### Dataset extract
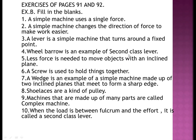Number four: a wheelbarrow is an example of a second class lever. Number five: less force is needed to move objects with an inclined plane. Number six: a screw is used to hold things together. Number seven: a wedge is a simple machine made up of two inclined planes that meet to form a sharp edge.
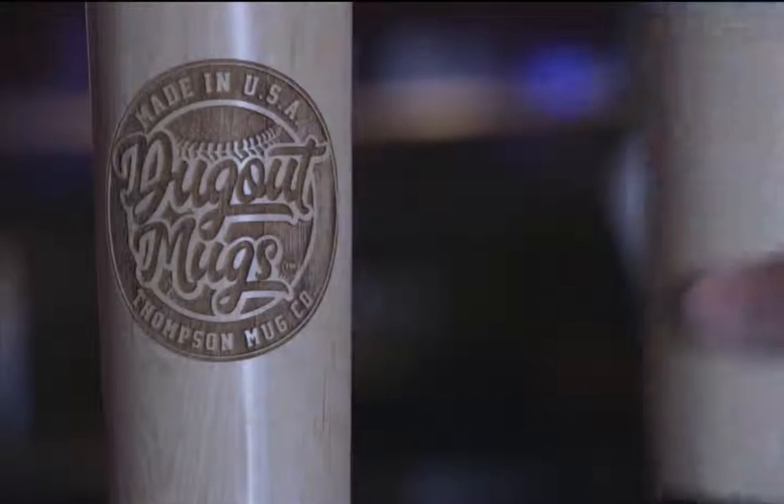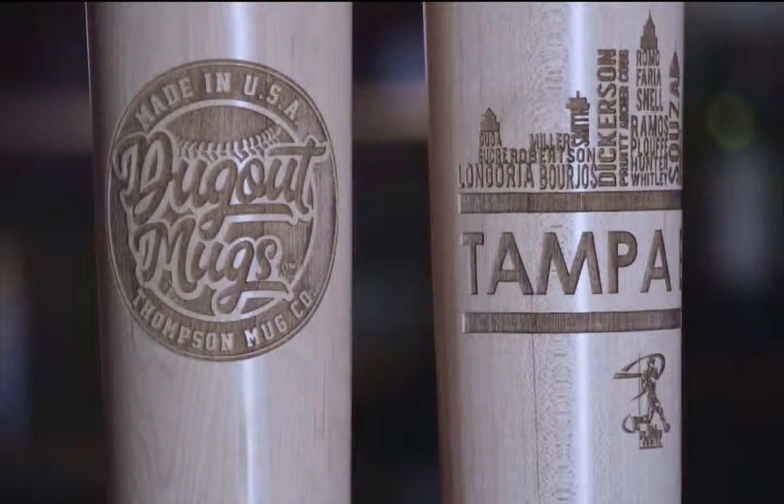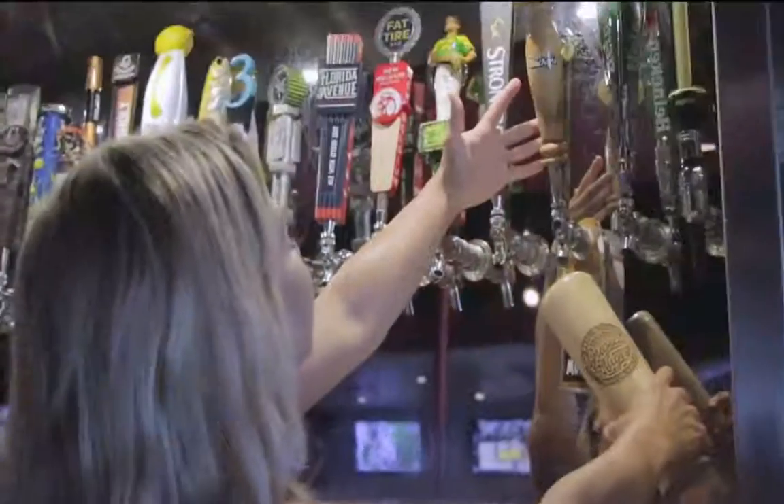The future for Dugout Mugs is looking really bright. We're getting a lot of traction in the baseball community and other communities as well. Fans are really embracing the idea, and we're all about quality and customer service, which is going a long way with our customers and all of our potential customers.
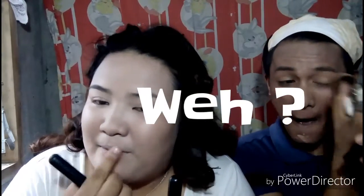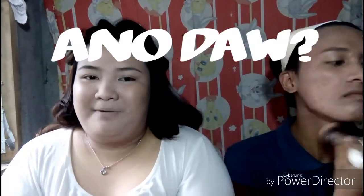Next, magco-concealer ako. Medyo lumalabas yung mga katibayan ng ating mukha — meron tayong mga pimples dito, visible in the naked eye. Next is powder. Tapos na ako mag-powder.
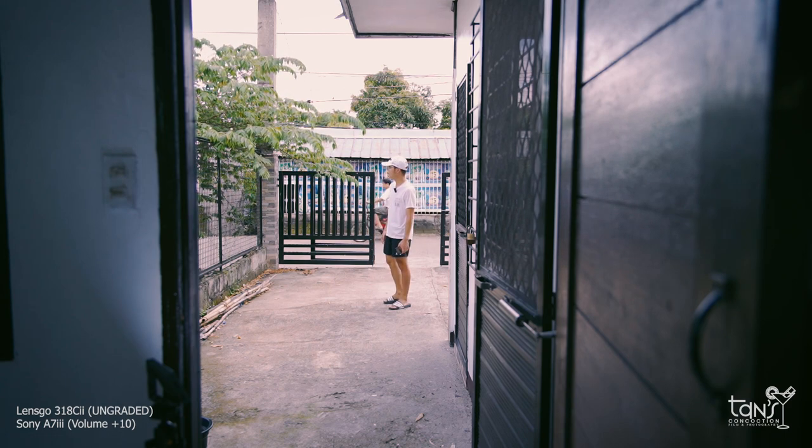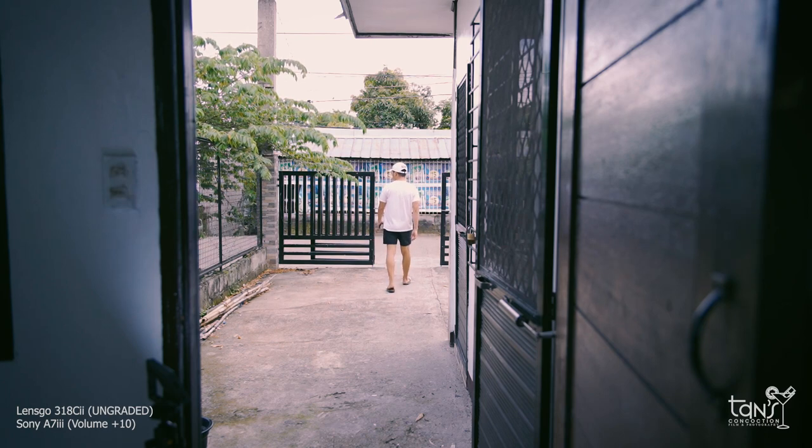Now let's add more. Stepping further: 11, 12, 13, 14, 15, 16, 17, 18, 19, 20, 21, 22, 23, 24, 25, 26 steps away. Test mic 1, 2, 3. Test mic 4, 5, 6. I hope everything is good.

### What you will do
Your reply should consist of the data, transcribed exactly, and should hold no pictures.

### Completed task
Number four: a wheelbarrow is an example of a second class lever. Number five: less force is needed to move objects with an inclined plane. Number six: a screw is used to hold things together. Number seven: a wedge is a simple machine made up of two inclined planes that meet to form a sharp edge.
The future for Dugout Mugs is looking really bright. We're getting a lot of traction in the baseball community and other communities as well. Fans are really embracing the idea, and we're all about quality and customer service, which is going a long way with our customers and all of our potential customers.
Next, magco-concealer ako. Medyo lumalabas yung mga katibayan ng ating mukha — meron tayong mga pimples dito, visible in the naked eye. Next is powder. Tapos na ako mag-powder.
Now let's add more. Stepping further: 11, 12, 13, 14, 15, 16, 17, 18, 19, 20, 21, 22, 23, 24, 25, 26 steps away. Test mic 1, 2, 3. Test mic 4, 5, 6. I hope everything is good.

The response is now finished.